Alain Finkielkraut fait son entrée à l'Académie française
"Héritier des Lumières" comme il aime se définir ou "néo-réac" arc-bouté sur l'identité nationale comme le décrivent ses nombreux détracteurs, Alain Finkielkraut, élu non sans grincements de dents en 2014 à l'Académie française, sera reçu ce jeudi sous la coupole. Il se réjouit de rejoindre l'Académie française. "Face à une nouvelle élite arrogante et barbare, elle incarne, avec son respect des formes et son amour de la belle langue, la résistance de la civilisation", a-t-il affirmé lundi 25 sur France Inter.
Son élection dans cette institution fondée par le cardinal de Richelieu n'est pourtant pas allée de soi. Il a certes été élu au premier tour par 16 voix sur 28 mais son nom avait été barré d'une croix, en signe de désaveu, sur huit bulletins. Car l'essayiste de 66 ans, habitué des plateaux de télévision et animateur d'une émission de philosophie sur France Culture, est une personnalité "clivante" et donne des coups autant qu'il en reçoit.
Jeudi dernier, l'auteur de La défaite de la pensée (ed.Gallimard) a ainsi été violemment mis en cause lors de l'émission télévisée Des paroles et des actes par une enseignante musulmane qui a accusé le philosophe "d'obscurcir nos pensées avec tout un tas de théories vaseuses et très approximatives". Récemment, l'ex-maoïste était accusé d'être un "allié objectif" du Front national.
Le philosophe, le cheveu toujours en bataille, dédaigne ces critiques qu'il attribue à "la paresse de la pensée", un mal endémique selon lui, et aux "collabos de la modernité". L'accusation de "néo-réac" lui colle à la peau parce qu'il critique "la culture de masse et l'effondrement de l'école républicaine", explique l'agrégé de lettres.
Au fil de ses livres édités chez Stock, Au nom de l'autre (2003) où il dénonce le nouvel antisémitisme, Qu'est-ce que la France? (2007), L'identité malheureuse (2013) et La seule exactitude (2015), le philosophe, ami du romancier Milan Kundera, s'échine à décrire comme des épouvantails l'égalitarisme, le multiculturalisme et tout l'héritage de Mai 68.
"Une France post nationale, post littéraire et post culturelle est un pays dans lequel je n'ai pas envie de vivre", dit l'essayiste qui affirme que "la France se désagrège" et suscite plus de pitié que d'envie. "La France est en train de changer et ce changement n'est pas pour le meilleur", met-il en garde. Il n'hésite à forcer le trait, voire à sombrer dans l'outrance, lorsqu'il déclare que sa "tête est mise à prix sur tous les murs de la ville, par Libération et dans la presse Pigasse".

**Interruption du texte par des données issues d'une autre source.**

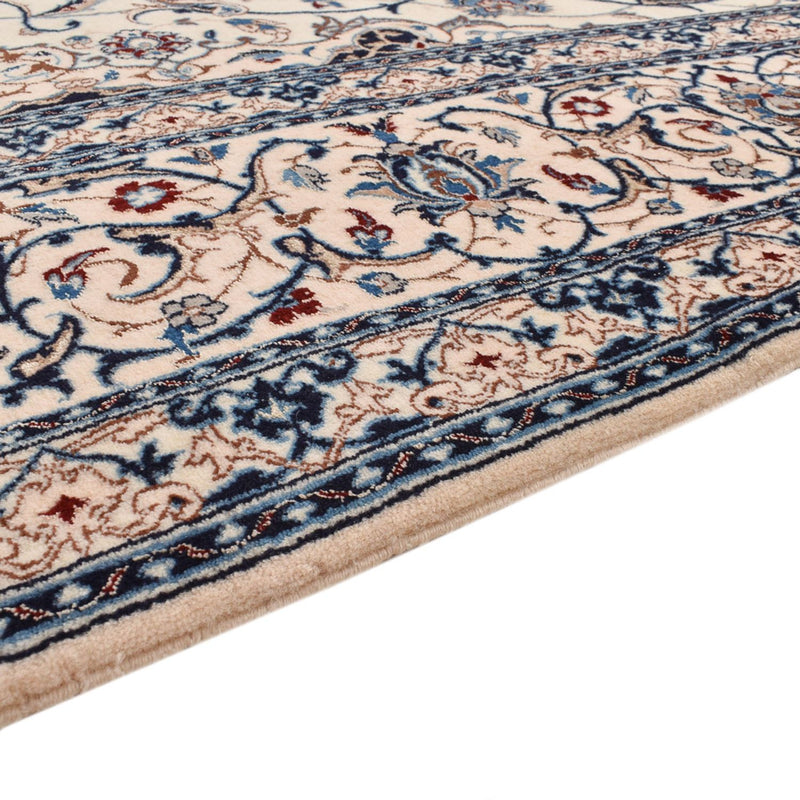 Nain - 6 la Teppe 295x204cm - Persisk teppe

Matthieu Pigasse est copropriétaire du Monde avec Pierre Bergé et Xavier Niel, et également propriétaire des Inrockuptibles, un magazine qui ne l'épargne pas. "J'en prends plein la figure tous les quatre matins", se plaint-il. "Il y a une pensée qui était en état d'hégémonie, qui ne l'est plus et qui ne le supporte pas".
Comme le veut la tradition, Alain Finkielkraut, enfant unique de juifs polonais rescapés de la Shoah, fera ce jeudi l'éloge de son prédécesseur sous la coupole, le dramaturge d'origine belge, Félicien Marceau. Reporter à Radio Bruxelles entre 1940 et 1942, Félicien Marceau fut condamné par contumace à la Libération à 15 ans de prison pour collaboration avant que le général de Gaulle ne lui accorde la nationalité française.
"Félicien Marceau était un auteur très prolifique et admiré dans de nombreux cercles", dit de lui Alain Finkielkraut, qui sait qu'il sera "attendu au tournant". "Un certain nombre de gens se frottent les mains, se lèchent les babines et se disent un néo-réac qui fait l'éloge d'un collabo, bien fait pour lui", commente-t-il. "Eh bien", ajoute-t-il, "nous verrons, j'en parlerai sans dérobade possible".
Avant la cérémonie, ses amis lui ont remis son épée d'académicien. Sur cette arme symbolique, le philosophe a demandé que soit gravée: une vache normande, un Aleph, première lettre de l'alphabet hébraïque, et cette phrase de Charles Péguy qui résume son engagement: "La République Une et indivisible, notre royaume de France".